There is also an advertisment in here for chantix/champix, the smoking cessation drug, which has the worst drug safety record with more reported serious injuries than any other prescription drug even before Pat O’Mahony did this interview in 2009, but strangely no mention of it, but I doubt if pfizer would acknowledge the serious side effects… No that’s Pat O’Mahonys job!

Then again, concerns have arisen before with conflicts of interest and the IMB, and the fact that Pat O’Mahony worked as a technical manager in the veterinary pharmaceutical industry in Ireland and the UK. Link 

It seems that any investigation into citalopram is up to Pat O’Mahony, and the fact that I have informed the IMB of all the information, concerns over the licencing of cipramil, lundbeck admitting suicide/homicide, hidden and false advertising, coroner’s concerns with citalopram, an expert medical report ect, I honestly don’t know what the problem is, unless of course “conflict of interest” also means that Mr. O’Mahony doesn’t want to upset the pharmaceutical companies who make these antidepressants because you can be sure that lundbeck’s cipramil is not the only problem drug in this class!

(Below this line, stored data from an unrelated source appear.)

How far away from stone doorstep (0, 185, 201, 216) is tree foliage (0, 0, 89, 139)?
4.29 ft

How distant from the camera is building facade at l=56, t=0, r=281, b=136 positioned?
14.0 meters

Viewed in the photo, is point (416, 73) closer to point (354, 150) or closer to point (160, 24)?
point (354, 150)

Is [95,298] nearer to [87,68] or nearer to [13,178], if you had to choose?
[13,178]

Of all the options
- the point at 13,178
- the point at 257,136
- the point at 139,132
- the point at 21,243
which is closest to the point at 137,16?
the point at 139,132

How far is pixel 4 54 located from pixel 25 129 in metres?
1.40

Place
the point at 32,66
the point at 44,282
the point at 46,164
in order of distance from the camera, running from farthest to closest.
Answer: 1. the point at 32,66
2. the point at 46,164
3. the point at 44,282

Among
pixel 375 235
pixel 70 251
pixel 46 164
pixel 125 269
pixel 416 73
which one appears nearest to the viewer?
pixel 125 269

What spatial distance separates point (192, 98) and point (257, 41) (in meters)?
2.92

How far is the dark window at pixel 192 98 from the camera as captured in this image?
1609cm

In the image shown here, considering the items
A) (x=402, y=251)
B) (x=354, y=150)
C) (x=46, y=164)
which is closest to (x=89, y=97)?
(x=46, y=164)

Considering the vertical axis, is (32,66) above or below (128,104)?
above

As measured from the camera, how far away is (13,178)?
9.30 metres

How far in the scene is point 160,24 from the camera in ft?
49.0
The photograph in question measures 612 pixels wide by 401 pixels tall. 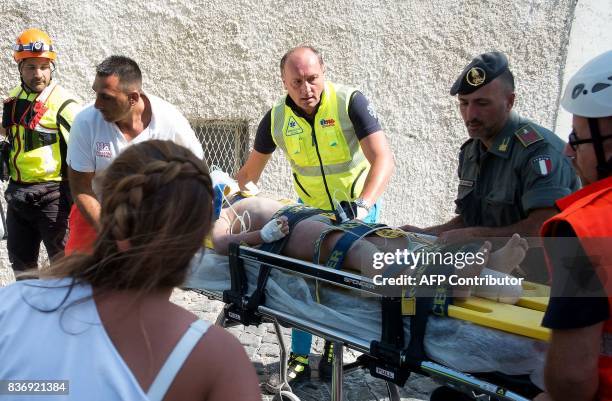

24 thoughts on “Doubts cast over Pat O’Mahony, conflict of interest and the Irish Medicines Board.”

  1. “chantix/champix, the smoking cessation drug, which has the worst drug safety record with more reported serious injuries than any other prescription drug even before Pat O’Mahony did this interview in 2009”
    I guess that you have either a strong CoI with the tobacco companies or may be you ignore that tobacco kills more that 5 millions a year.


  2. I’m sorry that you find this post offensive. The facts are there though, this drug was found to cause more violent incidences than ANY other drug on the market! There is also 2 other smoking cessation drugs that do not cause violence and suicide, so my point is why leave this drug on the market? I have no affilation with the tobacco industry!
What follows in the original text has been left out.